OpenClaw creator on Codex vs Claude Code
The OpenClaw creator on how he still uses Claude Code but he finds OpenAI GPT Codex better for coding (YouTube 45:49):
But the real change that sold it for me was, again, GPT 5.2. I think it’s underrated. I don’t know why all these people still use Claude Code. I kind of get it -- it’s a different way of working -- but whatever OpenAI cooked there is insanely good. Pretty much every prompt I type gives me the result I want, which is insane. On ClawdBot, my latest product, I use between five and ten agents in parallel.
If you’re very much a Claude Code builder, you have to forget quite a lot of the silliness -- the things that you have to do to create good output with Claude Code. I also met that team, and they created a whole new category. Claude Code is a category-defining product, and it is amazing for general-purpose computer work, and it is really good for coding. I still use it almost every day. But for writing code in complex applications, Codex is just so much better because it takes ten times longer.

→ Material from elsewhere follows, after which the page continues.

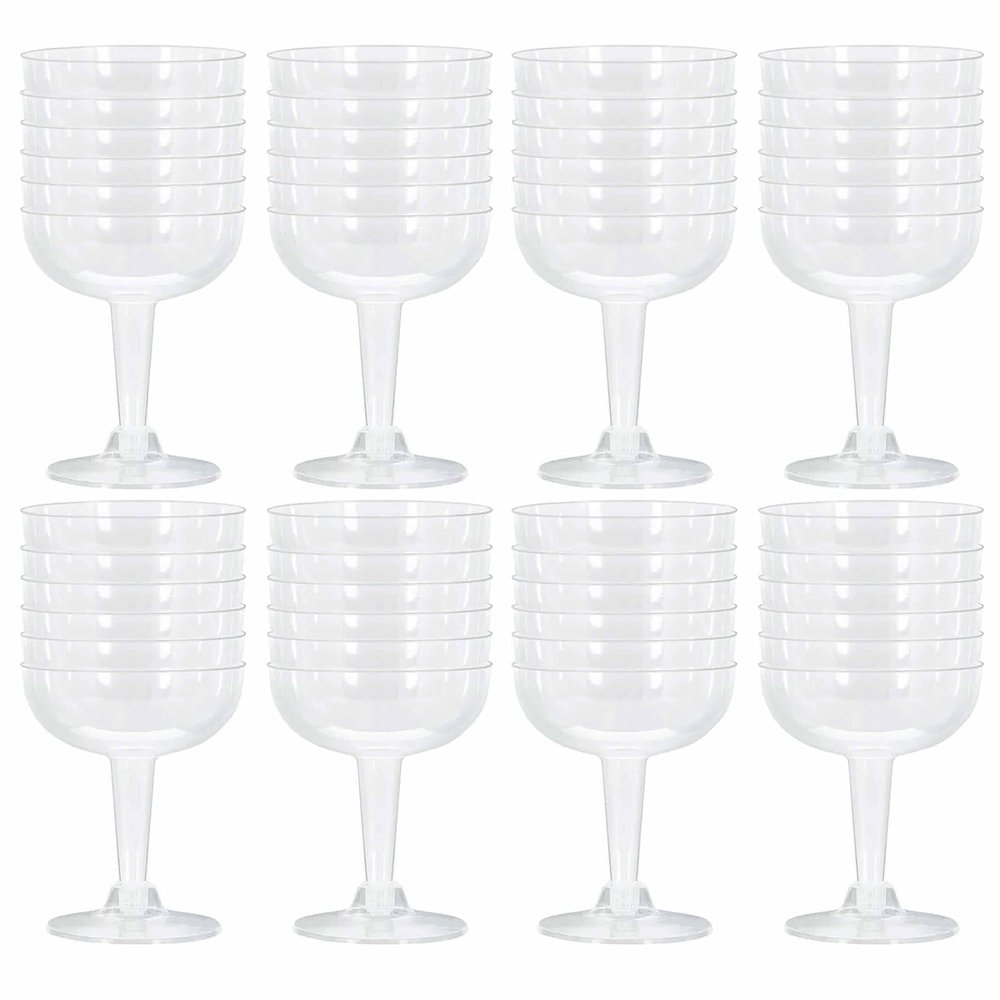 48 Clear Plastic Martini Glasses Champagne Coupe Disposable Flute Cocktail 4oz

Claude would read three files and then be confident enough to just create code, and then you really have to steer it and push it so it reads more code, so it sees a bigger picture of your codebase, so that it weaves in new features better. Codex will just be silent and read files for ten minutes. If you only work on one terminal, I completely understand how you find this unbearable. But I’d rather have something where -- and also, you don’t tell it what to do. This is something that people don’t get. I have a conversation with the model. It’s like, “Oh, let’s look at this. What options do we have for this structure? Did you consider this feature?” Because every session is like the model starts from having no understanding about your product, and sometimes you have to just give it a little bit of pointers. “What about this and this?” So it explores different directions.
You don’t need plan mode. I’m just having a conversation until I say “build this” -- it will not build this. There’s some trigger words because they all are a little trigger-happy, but as soon as I say “let’s discuss” or “give me options,” they will not build things until I say “build.”